Wednesday 3 June 2009

On Reading Roger Scruton Once Too Often

All right, I've had it. Roger Scruton is supposed to be a philosopher. So hear him on the subject of sexual temperance: it is to be thought of “...not as the avoidance of desire, but as the habit of feeling the right desire towards the right object and on the right occasion. That is what true chastity consists in, and it provides one of the deep arguments in favour of marriage or, at least, in favour of the constraint upon sexual appetite that is offered by love, that it makes sexual enjoyment into a personally fulfilling habit.”

This is how a trained philosopher discusses a serious subject? What's wrong with his definition? Not the content, but the form? It's empty, because we don't know what he means by “right desire” or “right object” or “right occasion”. This is why you nodded along, because you immediately interpreted those words your way, so how you possibly disagree? Or you guessed that he had some middle-of-the-road interpretation in mind that involved wives, bedrooms and did not involve leather hoods and strap-ons.

The next sentence confirms some of your suspicions. The “right object” is your wife, the “right desire” is to show your love for her (rather than shag her brains out because she looks so hot in that red dress) and though there's no “right occasion”, I'm guessing that frequency plays a role here, so that “twice a year” isn't going to cut it. So sexual temperance is, for Mr S, making love to your wife at least twice a week (or near offer).

Temperance is modest or self-restrained behaviour, with special emphasis on the consumption of alcohol. The point about temperance is that it kicks in when you see someone with whom you would like to perform a variety of sexual acts now (no self-restraint) and over there and damn anyone who sees us (no modesty): temperance either stops you (self-restraint) or at least makes you wait until you've got into the hotel room (modesty). Now if there is one thing that will kill your married sex life, it's going to be modest and self-retrained behaviour in and around the literal and metaphorical bedroom. There is nothing either modest or self-restrained about sex that's worth having. If one or other of you is having to restrain yourself (because the other one won't do that and certainly not that either), it is eventually going to cause problems. My guess is that the best marriages are between partners with the same kinks (which includes having a very low sex drive) or who are pretty plain vanilla and easy to satisfy. Where there is a mismatch, there will be a problem.

Sex is not a bodily function like eating or evacuation: masturbation is, but not sex. If masturbation is eating a sandwich at the office, sex is anything from a seven-course Michelin to an order-in pizza eaten to satisfy the munchies. The point is, it's supposed to be fun. Once it starts being a source of emotional reassurance or bodily relief, you're doing it for the wrong reasons. Because you're using the other person as an object to satisfy your desires, instead of a partner in a mutually-satisfying dance. Sex is not there to express anything or fix anybody – it's there to make babies and for fun. That's why God gave women a clitoris.

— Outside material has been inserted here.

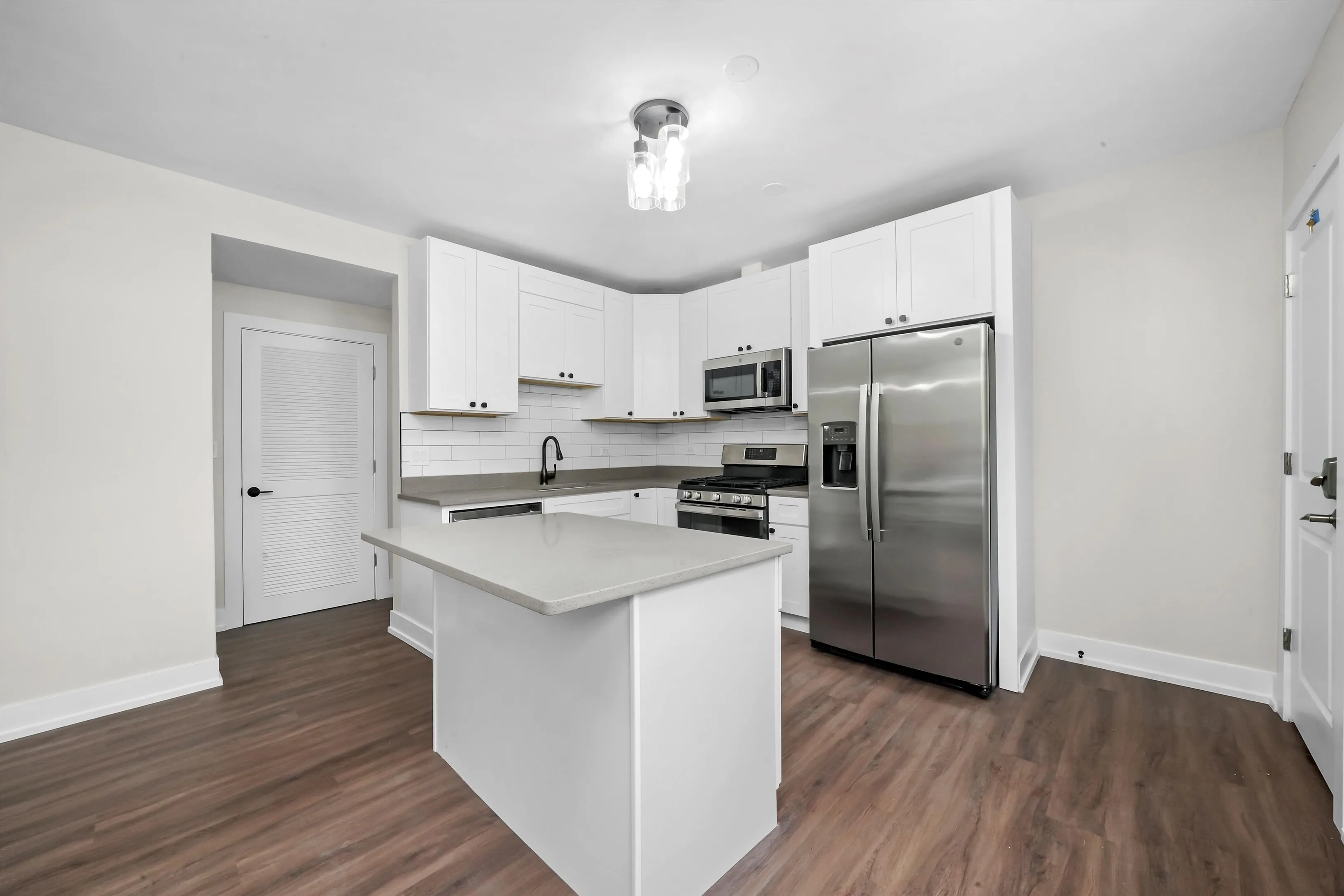 3556 W BELMONT AVE 60618-unit#2R-Chicago-IL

Now my guess is that if Mr Scruton were ever forced to get down to specifics, his view would not be so different from mine. Or we would discover he really was a prissy spoil-sport. All that twaddle about “sexual temperance” and “true chastity” is a schtick.

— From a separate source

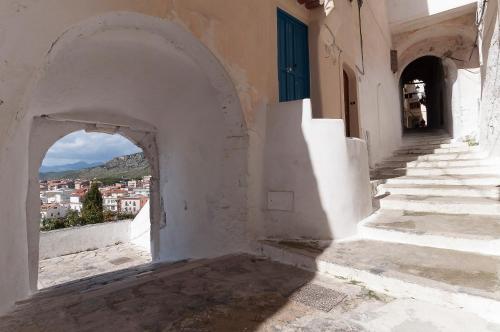 an archway leading up to a building with stairs at Casa Vacanza La Giosa in Sperlonga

In the article that set me off, he's arguing that once you take the restraints away, Puritans turn into a bunch of grunting, binge-drinking pigs. The English, in fewer words. Or at least some of them. They do so because they don't appreciate, as the French and Spanish do, the subtle differences between, say, intoxication and drunkenness, or between chastity and sexual temperance. The English behave like pigs because they haven't read Aristotle and didn't go to school in Provence.

Except it doesn't work like that. A Puritan is not going to impressed by some fancy hand-waving about intoxication vs drunkenness or the true nature of sexual temperance. Puritans know very well the difference between taking the edge off with a glass of wine and having your mouth turn numb from drinking cider, and they disapprove of both. They know very well the difference between a Saturday night shag and a couple of married romps a week, and they disapprove of both of those as well. Puritans know very well that the best sex is simple fun – it's exactly fun they don't like.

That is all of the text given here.